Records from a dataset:
....................

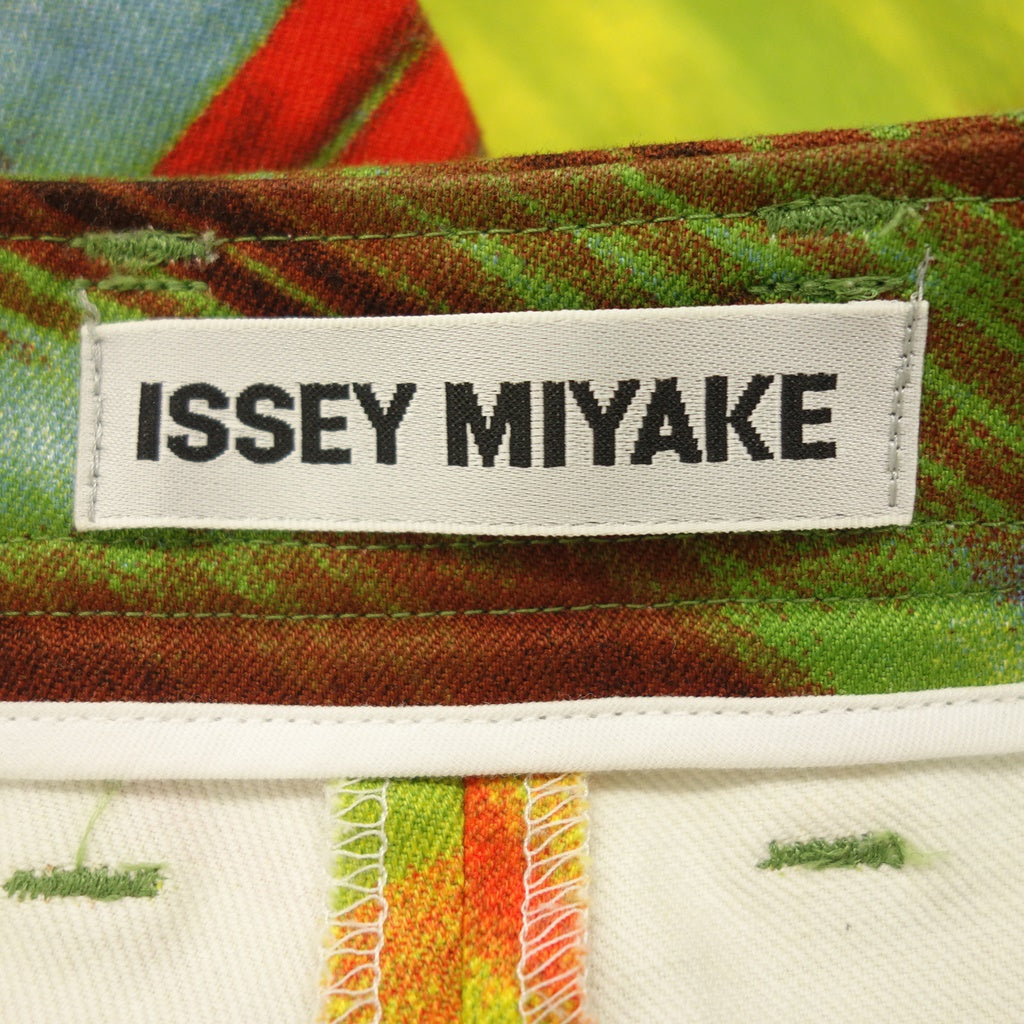 非常漂亮的商品◆Issey Miyake 全身图案长裤 IM11FF047 女式多色 2 号 ISSEY MIYAKE [AFB29] 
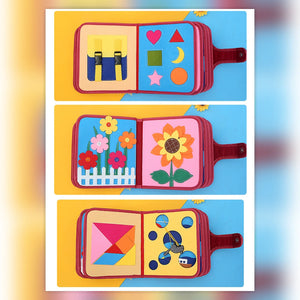 Rainbow Alphabet Felt Quiet Book – Practical Life Activities – image 6 of 9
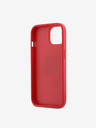 DKNY Заден капак от полиуретанова кожа с лого на стека за iPhone 14 Red DKNY
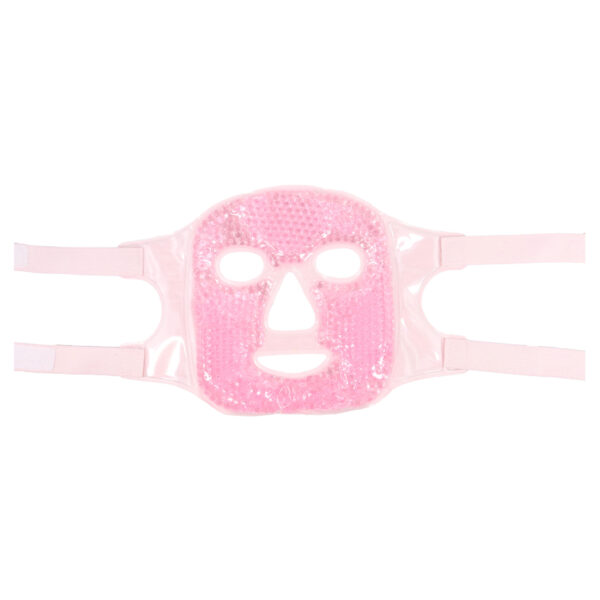 Pink gel bead face mask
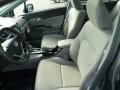 Gray 2012 Honda Civic EX Sedan Interior Color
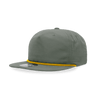 Decky 5 Panel High Profile Relaxed Cotton Blend Rope Hat | Decky 6032 Loden/Amber Standard Hats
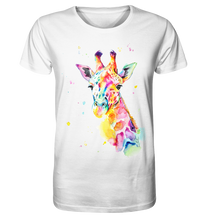 Lade das Bild in den Galerie-Viewer, Bunte Giraffe - Organic Basic Shirt
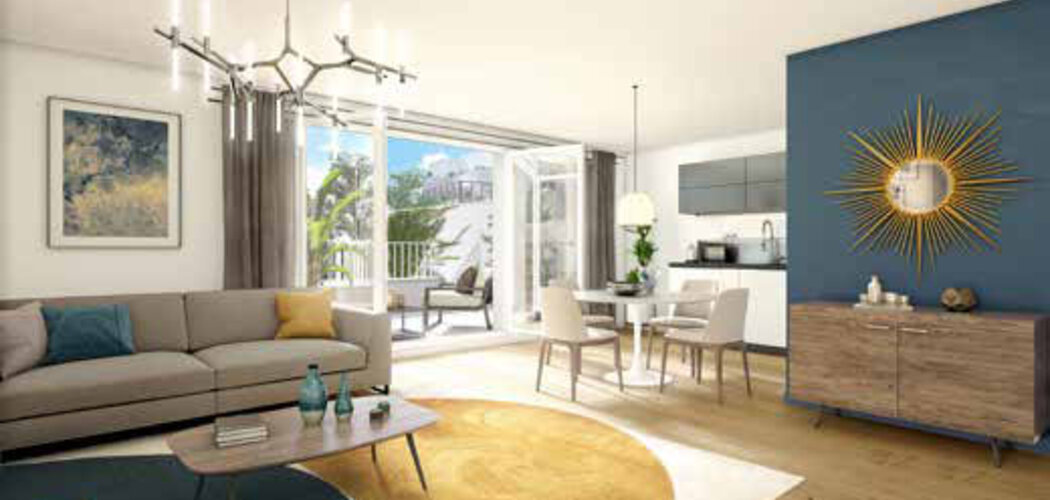 Programme immobilier neuf Domaine d'Hélène - Saint-Cyr-l'Ecole : logements neufs du studio au T5 proche des transports (78210) - Référence : 9679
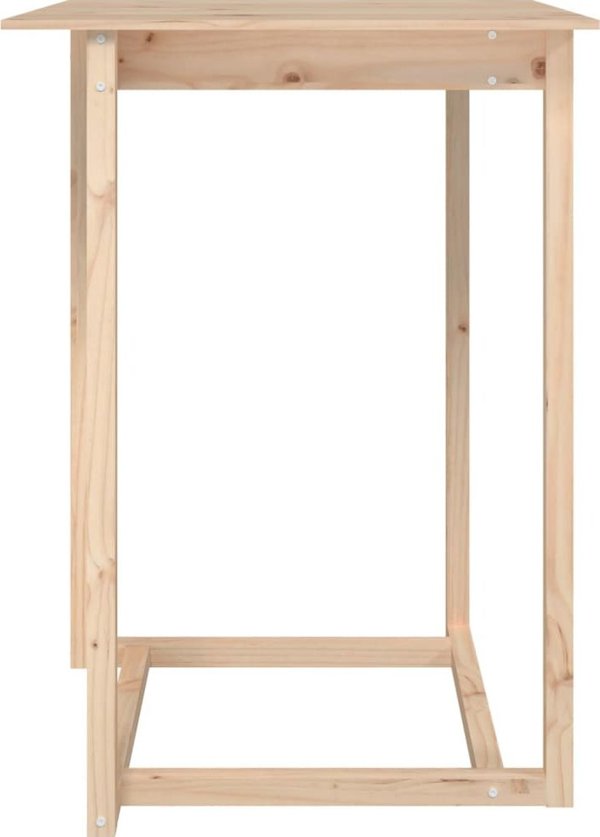 vidaXL Stolik barowy, 80x80x110 cm, lite drewno sosnowe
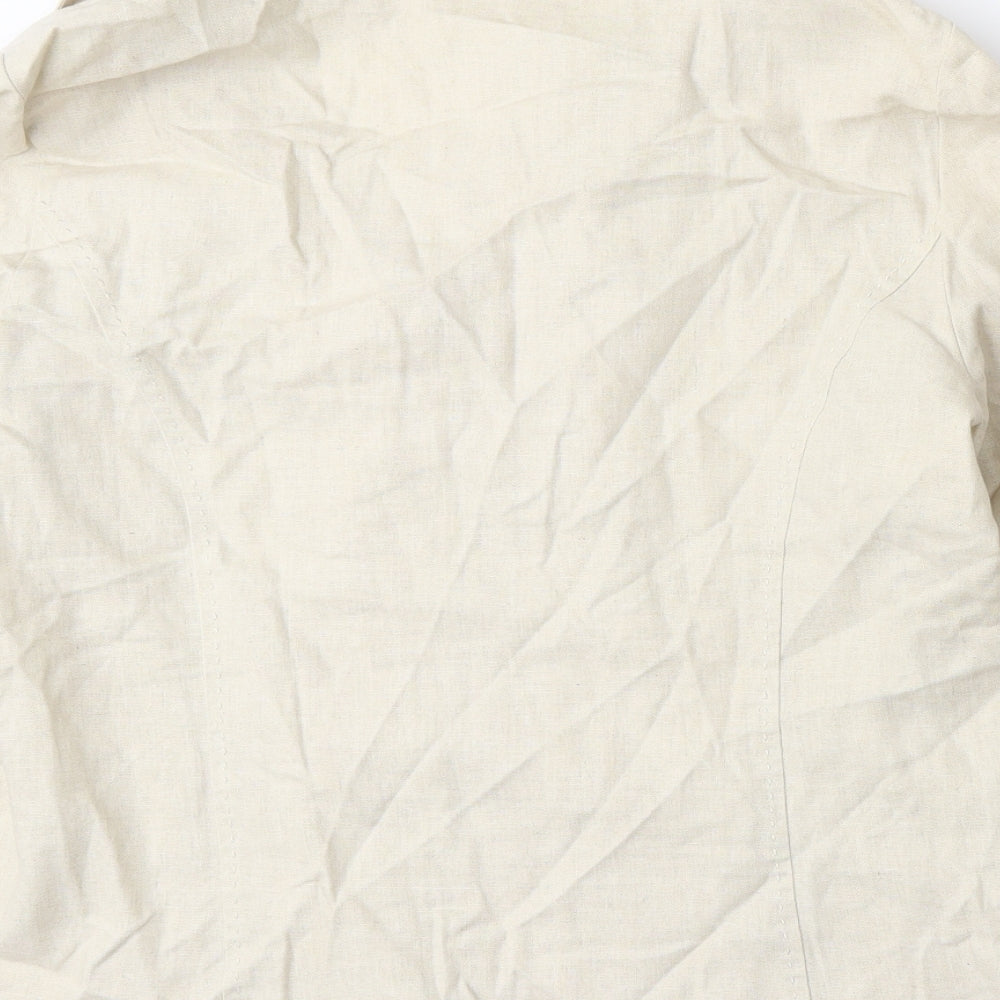 EWM Womens Beige Jacket Blazer Size 16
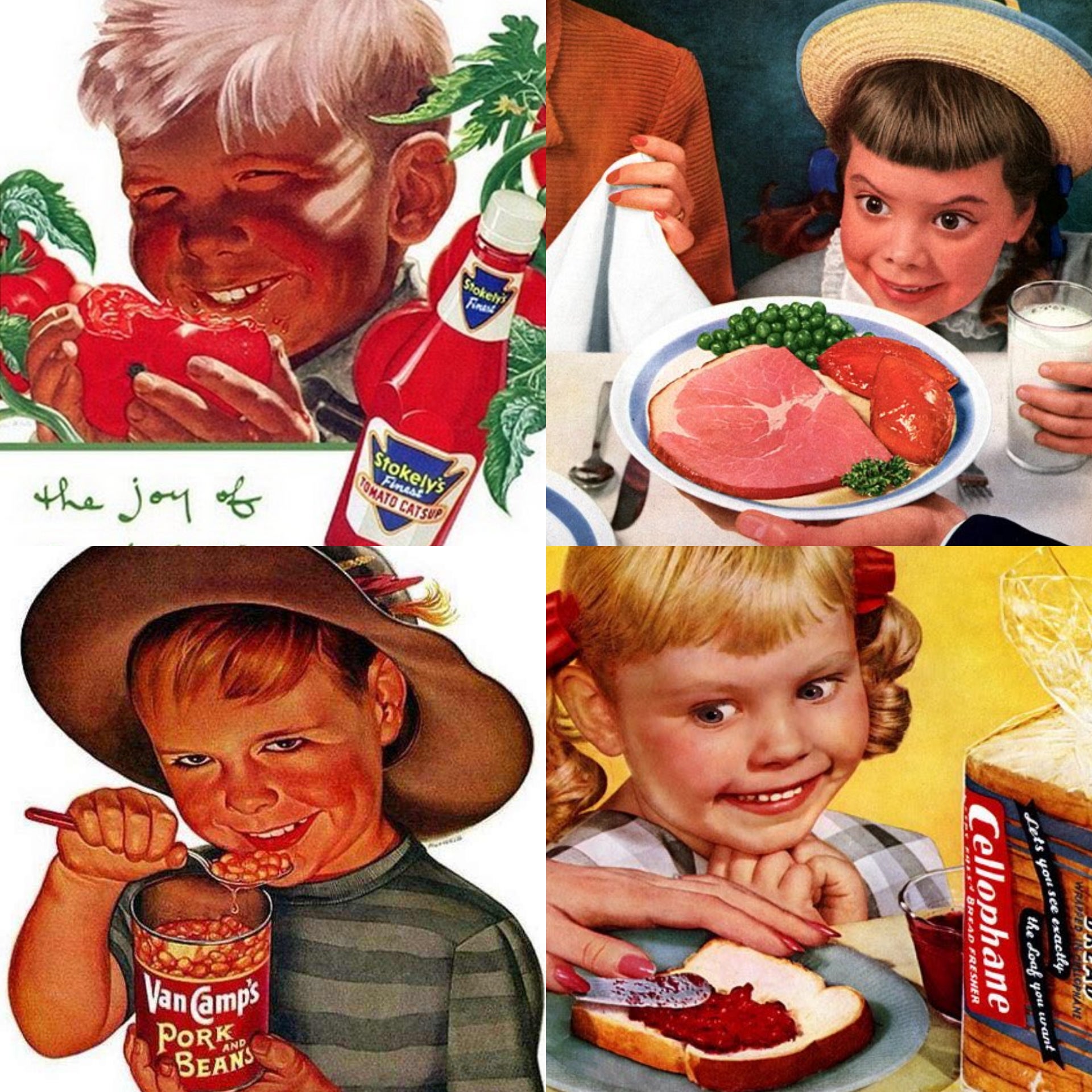 Kids in vintage commercials were lit.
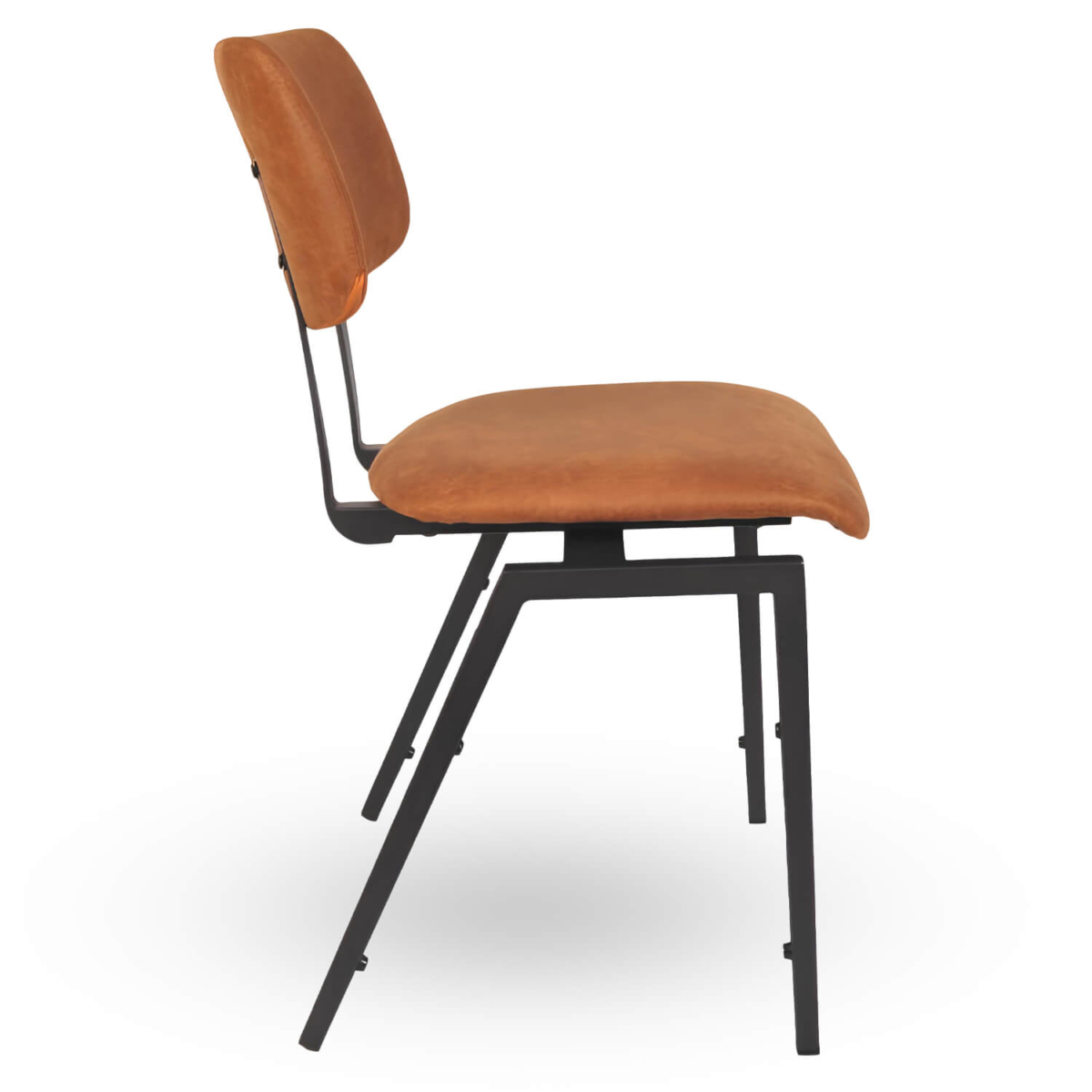 Stapelbare-Schoolstoel-URBAN-Cognac-Microvezel-Z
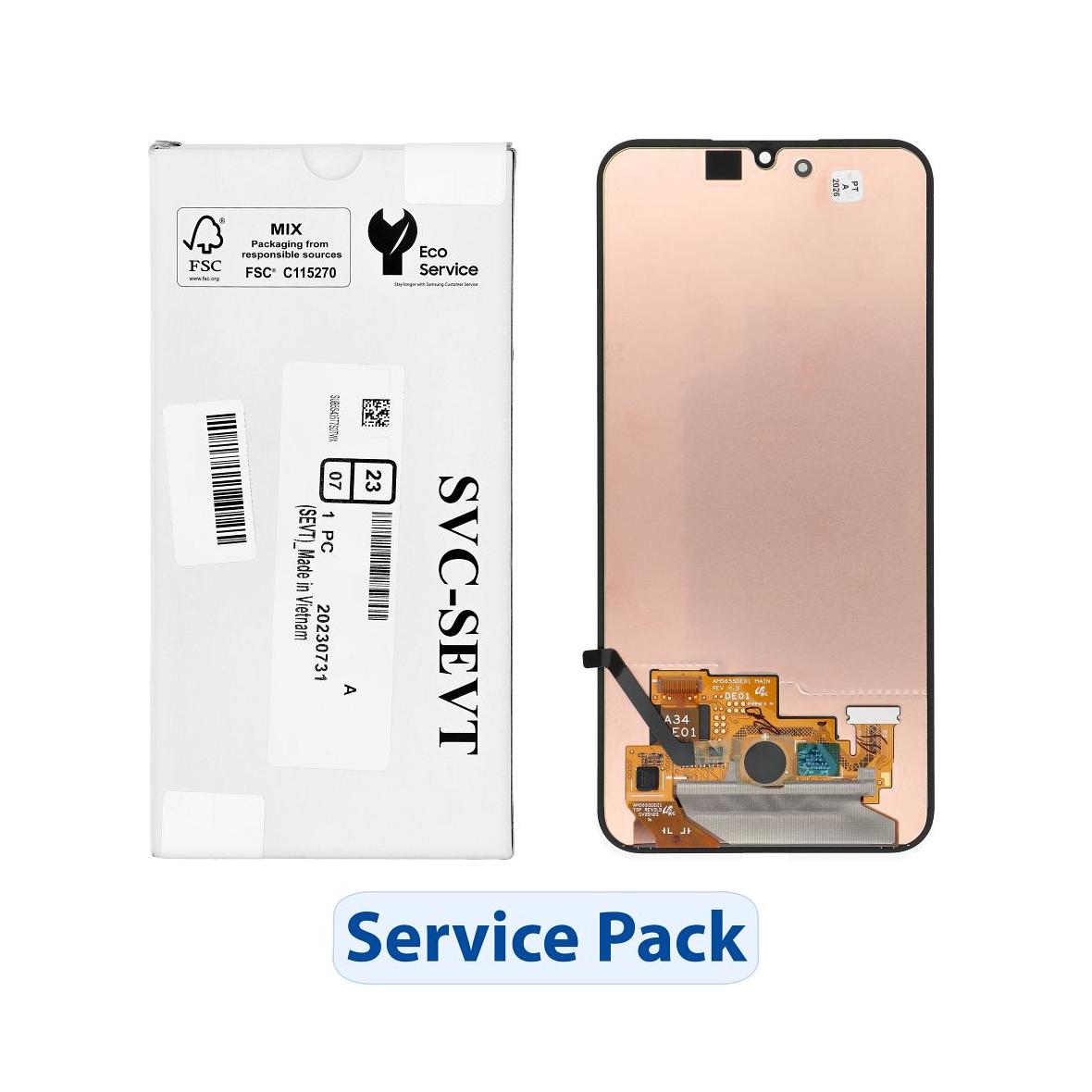 ServicePack Wyświetlacz LCD do SAMSUNG A34 5G A346B GH82-31235A Bez ramki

....................

**Required work**
Omit all pictures and write out, exactly, only the lines from the line containing "Stapelbare-Schoolstoel-URBAN-Cognac-Microvezel-Z" through the last line of the entries above.

**Result of this task**
 Stapelbare-Schoolstoel-URBAN-Cognac-Microvezel-Z
 ServicePack Wyświetlacz LCD do SAMSUNG A34 5G A346B GH82-31235A Bez ramki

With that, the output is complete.